In the past week-plus, the Lensic Performing Arts Center hosted two evenings that might conveniently fall under the rubric of world music: On March 23, Kodo, a drumming ensemble from Japan; and on March 26, Dervish, an Irish folk-music ensemble. They were wonderful, soul-filling evenings. In both cases, the performers hewed closely to “pure” traditions. As a result, both had a flavor of transporting listeners to a distant place rather than of super-imposing a foreign culture onto what would have been here already.
Kodo attracted a sold-out crowd, but Dervish did not, to my surprise. It was an engaged gathering all the same, and many in the audience clapped along or even added their voices now and again, as they were encouraged to do by Cathy Jordan, the group’s charismatic singer and master of ceremonies. She doubled as percussionist (playing bodhrán and clappers) and was backed by five gentlemen playing in a fine blend of fiddle, flutes (including pennywhistle), mandola (tenor mandolin), bouzouki, and button accordion. The group was amplified more heavily than seemed necessary. The resultant increase in volume did not reach objectionable levels, but tonal delicacy eroded as part of the process and the balance was thrown awry, with the instruments sometimes overwhelming the singer. If Kodo’s music had been mostly about rhythm, that of Dervish was mostly melody, often intoned in unison (but with touches of individual ornamentation) by several performers, the tunes supported by simple harmonies and given out in repeated rhythms. But such melodies! The group’s repertoire is mostly drawn from folk music of the west coast of Ireland, and it wasn’t heavy on standard numbers, which kept listeners from lulling off into over-familiarity. Dervish collected some of the pieces directly from folk singers they encountered in the course of their travels and residencies. Jordan referred to one, “Eileen Óg (The Pride of Petravore),” as a music-hall song; indeed it would seem to be that, dating from about a hundred years ago, but the tune to which it was set, at least in this performance, followed the general contours of the other songs.

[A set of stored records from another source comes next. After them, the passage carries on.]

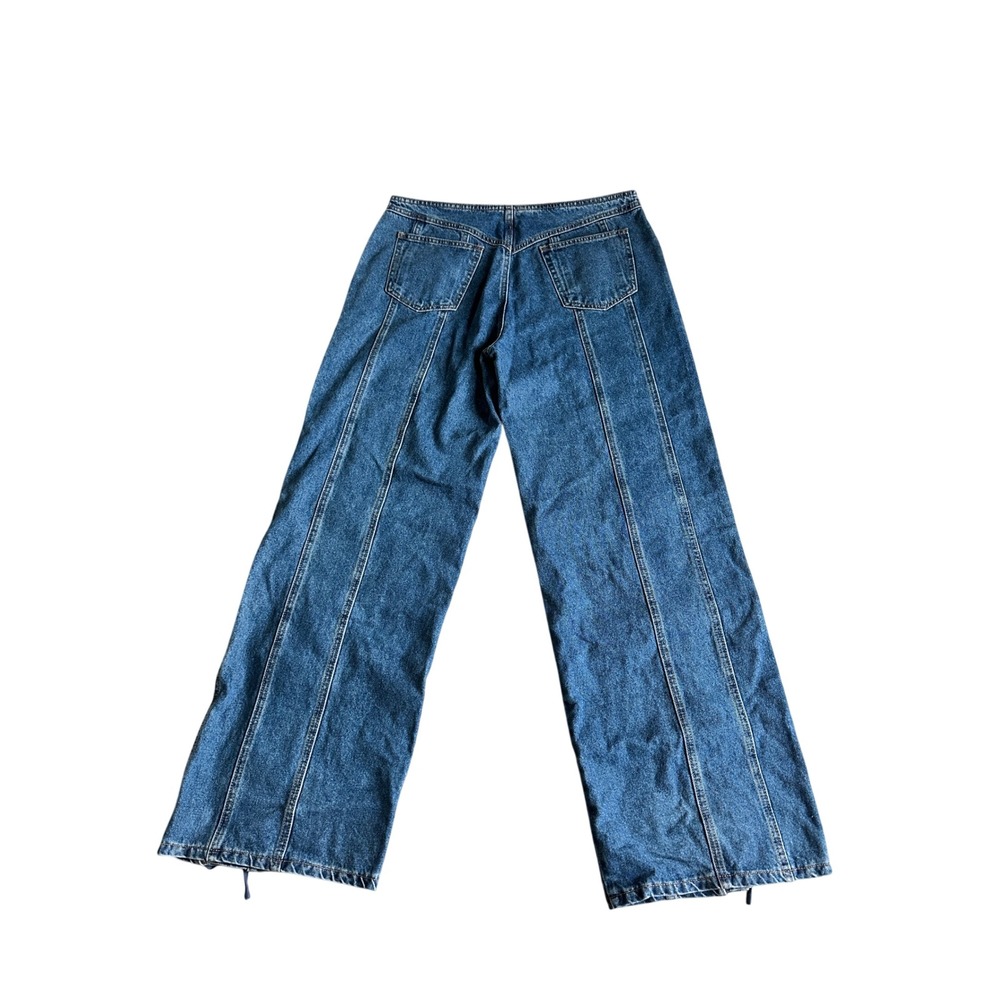 NWT Lioness Day Dream Tie Up Jeans Womens 8 Blue Denim Boho Baggy Slouchy Preppy - Picture 9 of 10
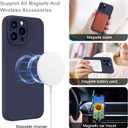 MCFANCE Magnetic for iPhone 13 Pro Max Case, Compatible with MagSafe, [Full Camera Protection] Anti-Scratch Microfiber Lining Phone Case, 6.7" 2021, Navyblue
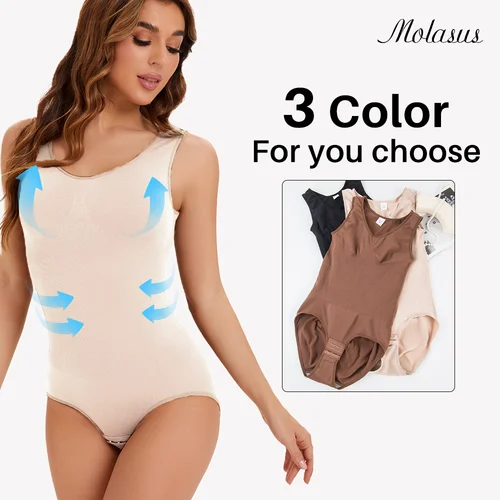 Imagen 1 del producto Body Molasus para mujer, ropa moldeadora adelgazante, corsé reductor, moldeador de cuerpo, ropa interior modeladora, bragas con Control de barriga, calzoncillos de talla grande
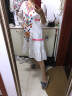 拓涩（TUOSE）韩版夏季新款连衣裙白色宽松沙滩裙中长款显瘦甜美刺绣海边度假裙 白色 L 晒单实拍图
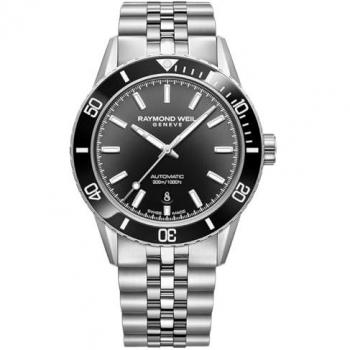 Heren Zilver Horloge Raymond Weil Freelancer 2775-ST1-20051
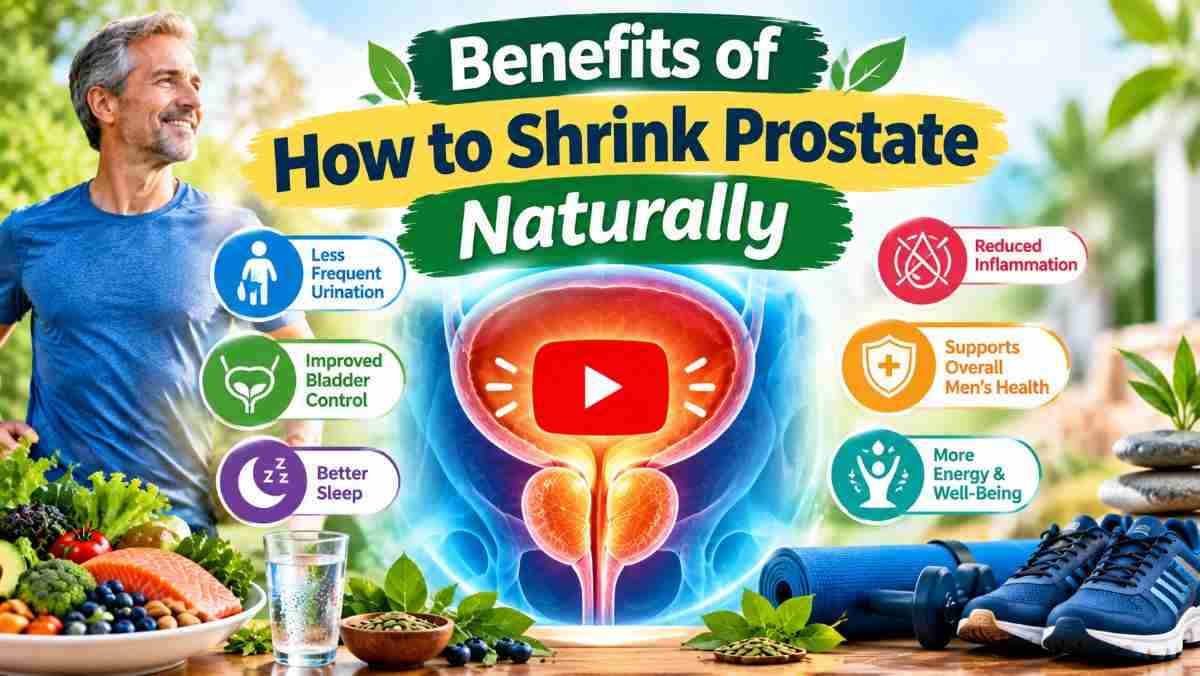 Benefits of shrink prostate naturally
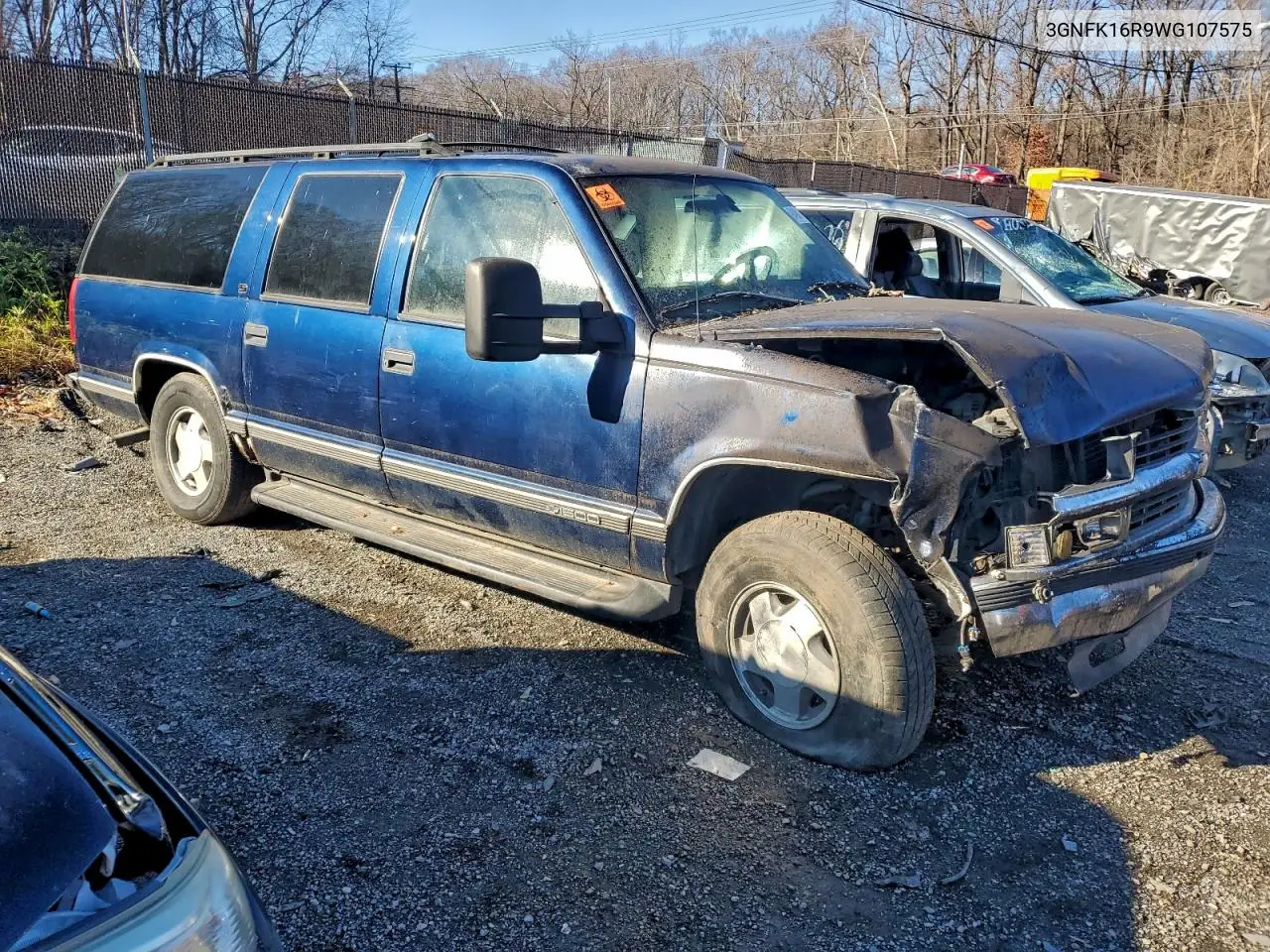 3GNFK16R9WG107575 1998 Chevrolet Suburban K1500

This being Irish traditional music, the instrumental dances were toe-tapping. In contrast, the songs and ballads tended to exude mournfulness in their subject matter, although their tunes were often more chipper than the words. Our constant companions through the evening were soldiers separated from their wives, wives murdered by their husbands, children foisted off on the neighbors due to economic necessity — that sort of thing. Jordan related all the grim plots and tempered them with a wry commentary that revealed her to be a consummate master of the vaunted Irish craic, agreeable banter that made one think she’d be the kind of person with whom you’d enjoy being trapped in a stalled elevator.